- Directions for this task -
Every picture stays out; everything else in the listing below is to be returned exactly.

- Dataset content -
-------

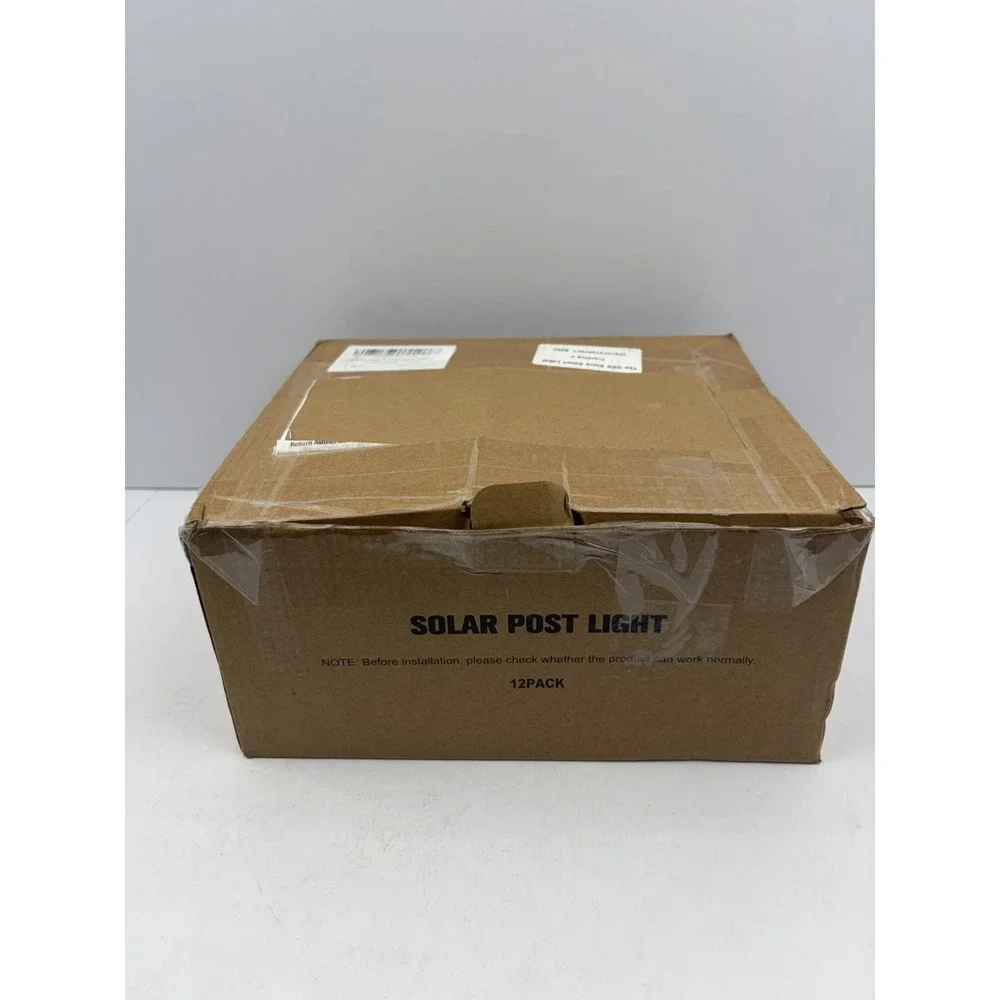 Solar Fence Post Cap Lights 12 Pack 4x4 Waterproof Warm White Black VOLISUN Deck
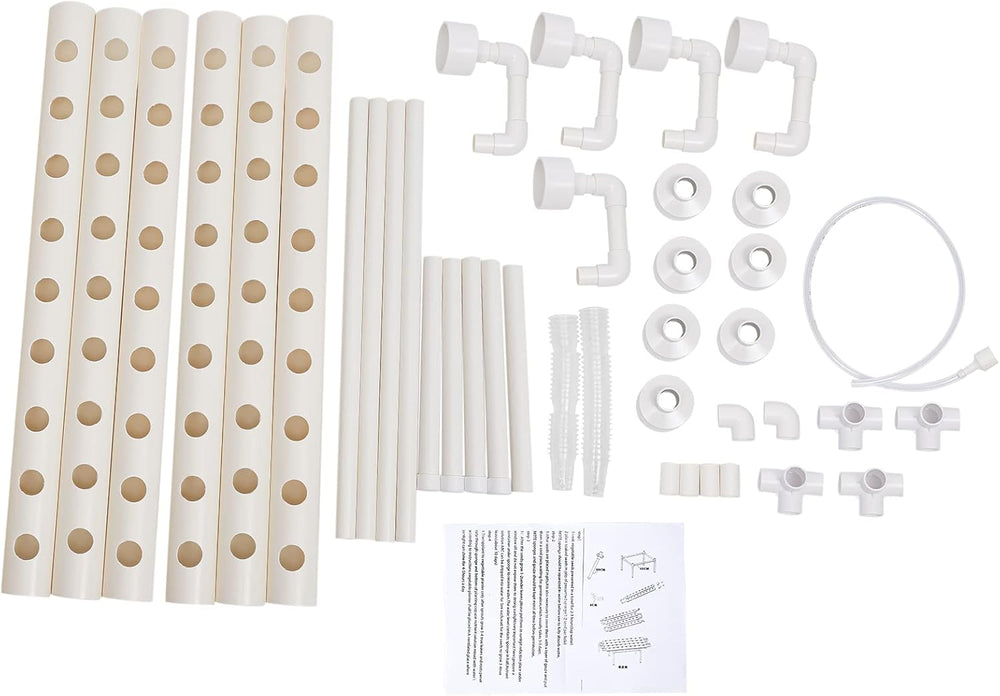Kit de culture hydroponique 1 couche avec 54 jardinières, systèmes de culture de plantes sans sol en PVC avec pompe à eau, kits de culture hydroponique pour cultiver des légumes et des fruits sur les balcons, les jardins, les patios et les cours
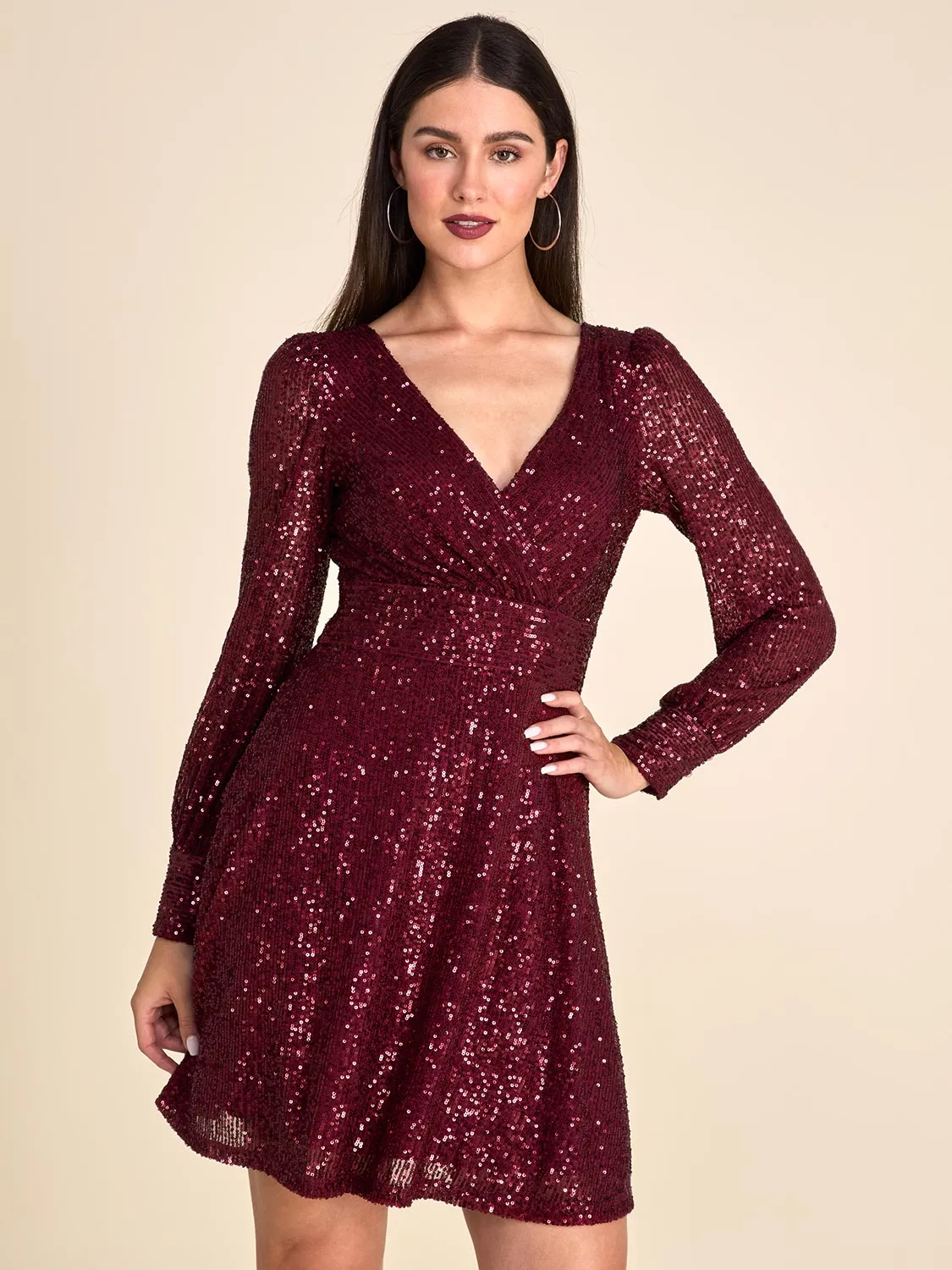 Mini Fit & Flare Sequin Dress sold by Suzy Shier product image thumbnail 3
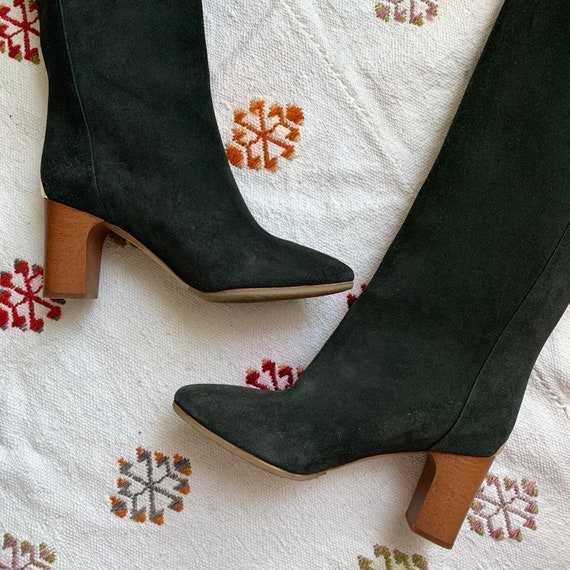 CHLOÉ | knee high boots | green suede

-------

- Exercise answer -
 Solar Fence Post Cap Lights 12 Pack 4x4 Waterproof Warm White Black VOLISUN Deck
Kit de culture hydroponique 1 couche avec 54 jardinières, systèmes de culture de plantes sans sol en PVC avec pompe à eau, kits de culture hydroponique pour cultiver des légumes et des fruits sur les balcons, les jardins, les patios et les cours
 Mini Fit & Flare Sequin Dress sold by Suzy Shier product image thumbnail 3
 CHLOÉ | knee high boots | green suede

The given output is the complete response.